TYLKO MÓWIĘ, ŻE NIGDY NIE BYŁEM NA ŻADNYM JARMARKU! DZIĘKUJĘ!
Polecam posłuchać różnych piosenek świątecznych lol.
Święta. Boże Narodzenie. Dzień polegający na dostawaniu prezentów od Świętego Mikołaja, dużej ilości słodyczy, a co najważniejsze - spędzaniu czasu z najbliższymi.
Wilbur i Quackity spędzali sami te święta, gdyż Niki spędzała je z swoją współlokatorką - Minx. Szły razem na małą "randkę"; udało się Niki o to zapytać starszą dziewczynę, która się zgodziła. Miały przyjść ewentualnie do nich trochę później, jeśli się nie upiją podczas kolacji.
[24 grudnia, 9:30]
Wilbur właśnie wrócił z zakupów na zrobienie pierniczków oraz udekorowanie choinki. Bardzo się spóźnił z Alexem z dekoracjami świątecznymi. Mieli choinkę od trzech dni, ale do tej pory nic z nią nie zrobili, a ciasteczka mieli zrobić wcześniejszego dnia.
Chłopak Willa właśnie jeszcze spał, więc brunet starał się rozpakowywać jak najciszej tylko mógł. Postawił produkty na stole, w kuchni, a ozdoby na choinkę w salonie.
Jeszcze przed wejściem do domu, wziął z skrzynki pocztowej list od Slime'a do, prawdopodobnie, Alexa.
List położył parapecie w kuchni.Wyszedł na taras, po choinkę, która, na szczęście, uchroniła się przed zakryciem przez śnieg. Strasznie dużo było go w tym roku, nie to co rok wcześniej, że wszędzie kałuże były, a jak Wilbur chciał wrzucić Quackity'ego do śniegu to rzucał go w kałuże, zaś czarnowłosy, aby się odwdzięczyć - rzucał w niego błotem.
Wracając do tegorocznych świąt; Wilbur postawił choinkę w doniczce w salonie, przy ścianie, obok kanapy. Postanowił, że zrobi wszystko z Alexem, który jeszcze leżał w łóżku. Śpioch jeden.

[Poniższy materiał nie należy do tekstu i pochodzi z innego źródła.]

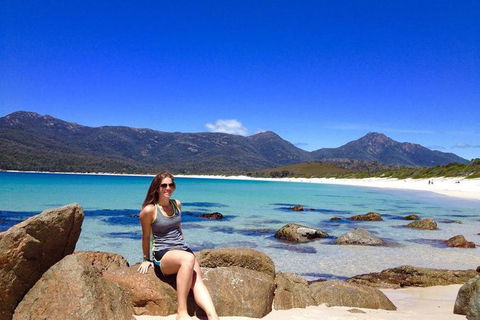 Full-Day Tour To Wineglass Bay From Hobart - Accommodation Search 4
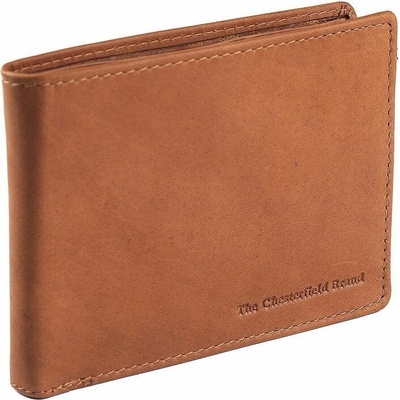 The Chesterfield Brand Timo Cognac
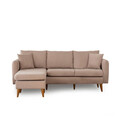 Coltar, Atelier del Sofa, 867UNQ1429, Piatra
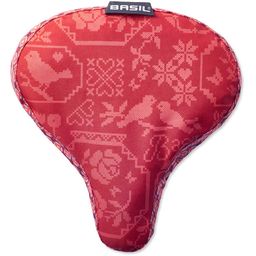 Basil zadeldek Boheme vintage rd (8715019504297)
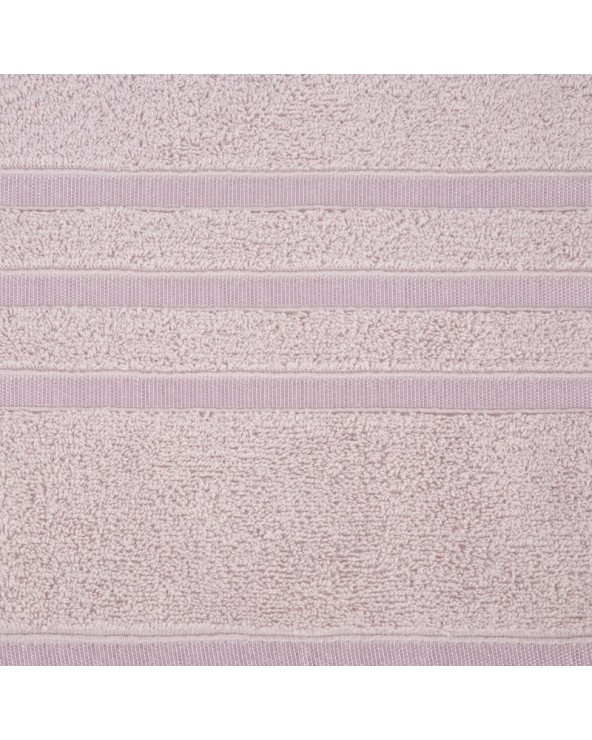 Ręcznik bawełna 50x90 Madi pudrowy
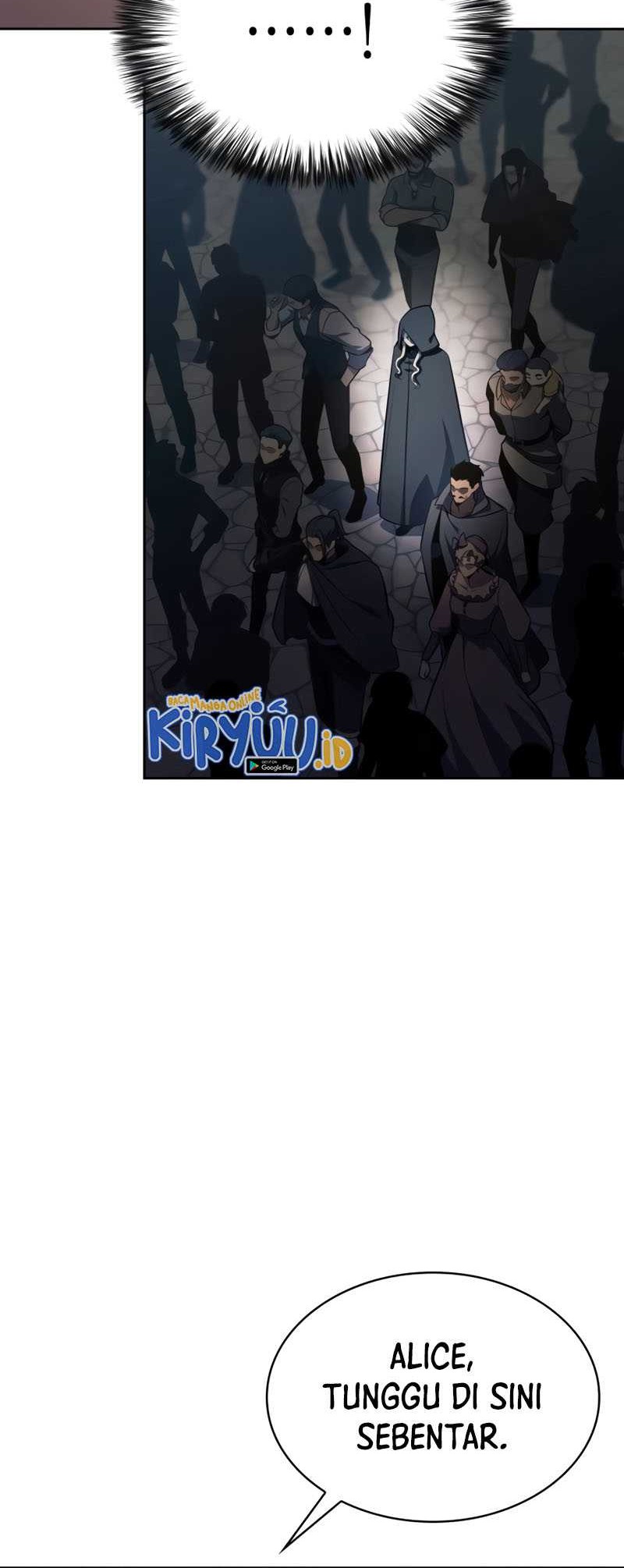 Solo Max-Level Newbie Chapter 155 - halaman 67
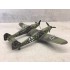 1/72 Messerschmitt Bf 109Z-2 Night Fighter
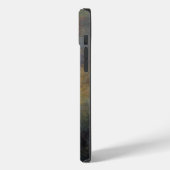 ドベルマン Case-Mate iPhoneケース (裏面 / 左)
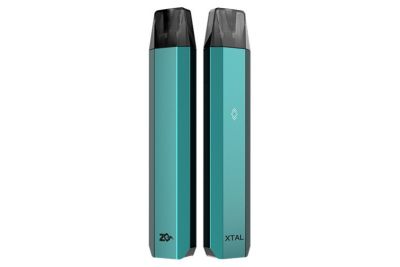 ZQ Xtal SE — POD система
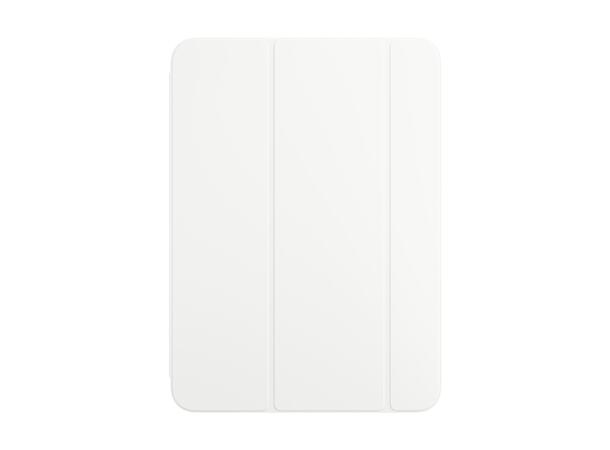Apple iPad (A16) Smart folio Hvit iPad 11"/10,9" 
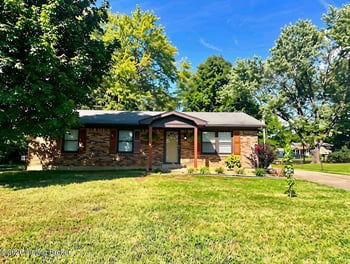 1196 Flatlick Rd, Mt Washington, KY 40047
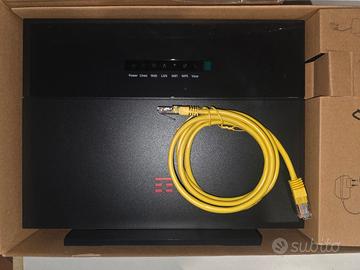 Modem Tim HUB +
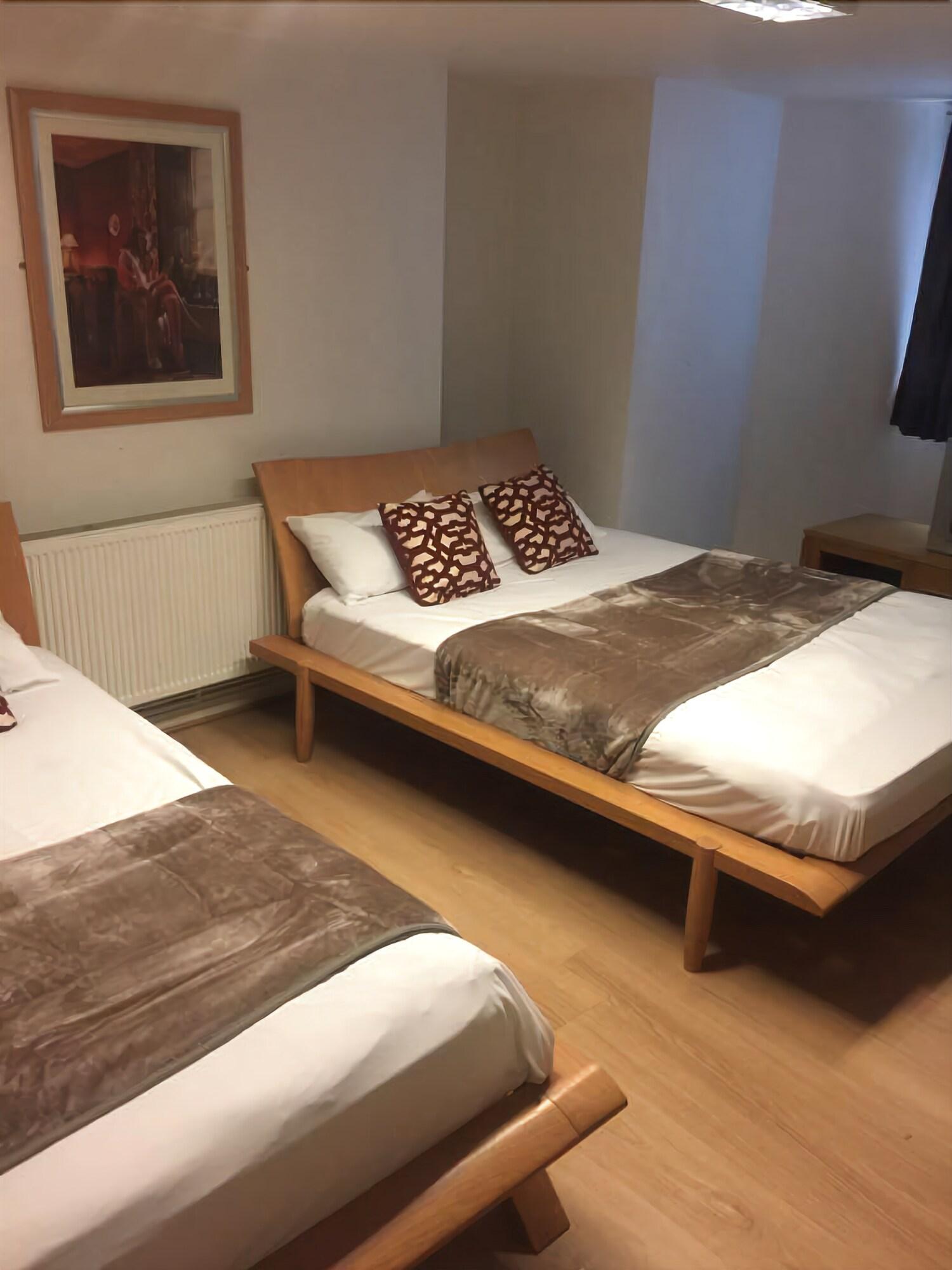 Hendham House Hotel 20/51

Okularnik skierował się ich sypialny, w której, na łóżku, zobaczył swojego, śpiącego chłopaka. Uśmiechnął się rumieniąc się na ten widok.
Podszedł do mebla, na którym lezał Alex i usiadł na nim (nie na Alexie, na meblu [łóżku]). Schylił się i odgarniając czarne włosy z czoła niższego, i pocałował go w tamto miejsce zaczynając go szturchać, aby go wybudzić.- Alex~ - szepnął Wilbur, a młodszy trochę się zaczął przebudzać. - Alex. Alex, wstawaj, jutro święta, trzeba się przygotować na nie.
Alex jęknął cicho.
- Odpieprz się.- Trzeba było to powiedzieć jakieś dwa, trzy lata temu, gdybyś nie był taki ślepy, że ktoś cię obserwuje.
- Stalkerze jebany..
- Aww, też cię kocham. - Pocałował go w policzek. - Nie odejdę do póki nie wstaniesz.
- Od której jesteś na nogach...? - zapytał cicho Quackity chowając głowę w kołdrze.
- Jakoś siódma wstałem z łóżka.
Alex natychmiast zerwał się z łóżka i chwycił Wilbura za świąteczny sweter.
- Oszalałeś?! Tak sam?! Jeszcze po co tak wcześnie! - wołał paranoicznie młodszy chłopak.
- Nie martw się, Ducky. Byłem na zakupach i wniosłem choinkę do salonu - powiedział chwytając mniejsze dłonie swojego chłopaka i ucałował je, przez co niższy się zarumienił.